What is required:
Lines from the one containing "Stunning skyscraper with" through the final line of the data, restated word for word and free of pictures, make up the whole answer.
[Data]
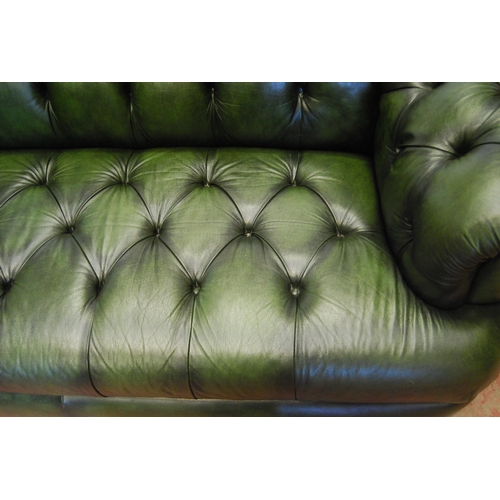 357 - Chesterfield club-style green three-seater sofa and a matching armchair, sofa approximately 60cm hig... 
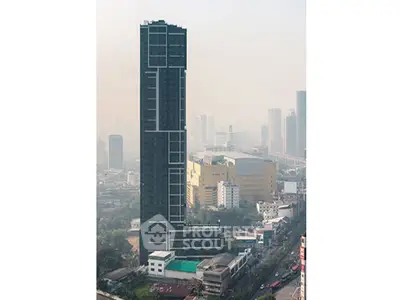 Stunning skyscraper with modern architecture in bustling cityscape, ideal for urban living or investment.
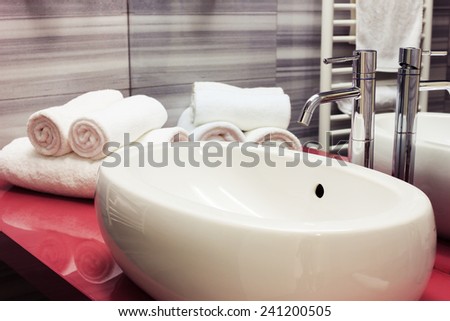 Modern white oval sink in bathroom. Clean white towels in the background.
[/Data]
Response below:
 Stunning skyscraper with modern architecture in bustling cityscape, ideal for urban living or investment.
 Modern white oval sink in bathroom. Clean white towels in the background.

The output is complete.